He was crazy about rock ’n’ roll, Lola Smith recalled. He would sneak off to a friend’s house to play drums, play hooky from Quezon City High School to practice with the neighborhood combos.
One morning, he came home with a ukulele after staying out all night, and Lola Smith broke it over his head.
She eventually gave up, and witnessed her grandson’s rise to fame with a succession of bands: Blue Jazzers, D’Downbeats and finally Juan de la Cruz Band, which she saw at its peak at Araneta Coliseum.
She also knew the other side of his life. “Joey never had the luck,” she said.
Still, she kept photo albums full of snapshots of his early days, now also lost since her death and the eventual demolition of the old house.
The next time I saw Pepe, he was living with a girlfriend in a Makati condo, after splitting from his fourth (?) wife, with whom he had been living for a few years in Baguio City.
He picked up the thread of his story again—after he left D’Downbeats in an acrimonious split, he and guitarist Wally Gonzalez left on a cruise ship for Tokyo in 1969.
Pepe and Wally formed Zero History, sending for bass and keyboard player Mike Hanopol, playing psychedelic rock for an adoring Japanese audience.
Later, Smith joined the legendary heavy blues rock band Speed, Glue and Shinki, bringing in Mike for keyboard and vocal duties.
Smith was on his way back to Tokyo in September 1972 to rejoin Speed, Glue and Shinki, and his Kansai Yamamoto model girlfriend—literally in a cab to the airport—but the airport was closed. Martial law had been declared.

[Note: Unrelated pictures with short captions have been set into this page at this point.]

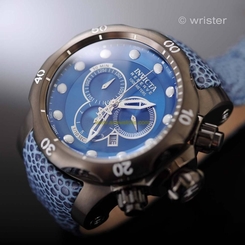 Swiss Made Invicta Venom Reserve Gunmetal Blue Leather Chronograph Men's Watch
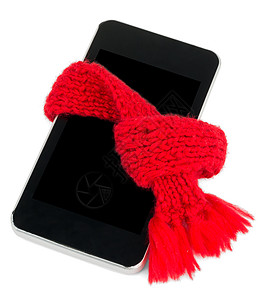 带红领巾的智能手机 服务理念电话草图麻纱帮助流感黑色互联网纺织品羊毛治疗图片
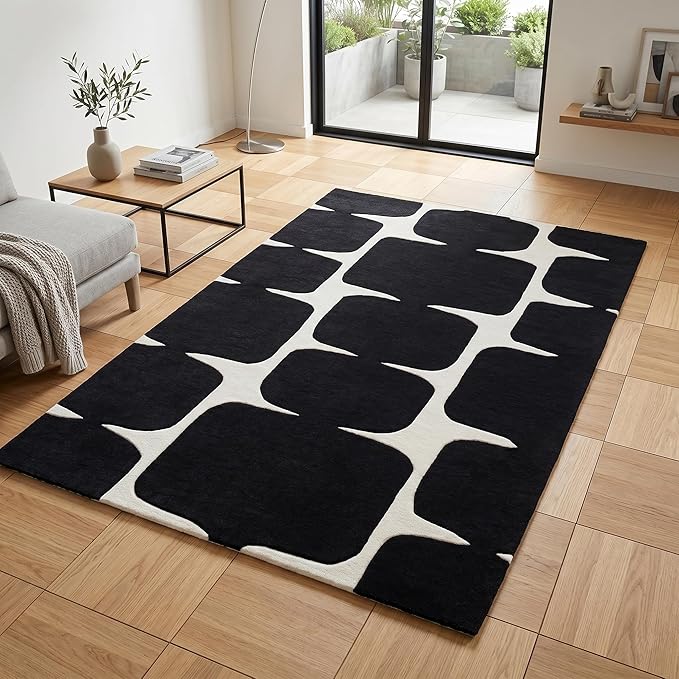 Restoration and Renovation Modern Wool Area Rug - Contemporary Abstract Geometric Design, Thick & Soft Hand-Tufted Carpet - Ideal for Indoor Decor in Living Room, Bedroom (Black, 9' x 12')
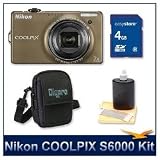 Nikon COOLPIX S6000 Digital Camera (Bronze), 14.2 Megapixel, 7x, 28-196mm Equivalent Zoom, 2.7 LCD, 4 GB Memory Card, Deluxe Carrying Case, and Lens Cleaning Kit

Three months later, just as he was about to go onstage with his new band, Juan de la Cruz, as the story goes, Pepe dropped some acid and locked himself in the toilet to write the lyrics to “Himig Natin,” the Pinoy rock anthem that will most probably be played at his funeral.
I can only imagine Pepe lying in his coffin, wearing his favorite cowboy boots and a faint smile on his face.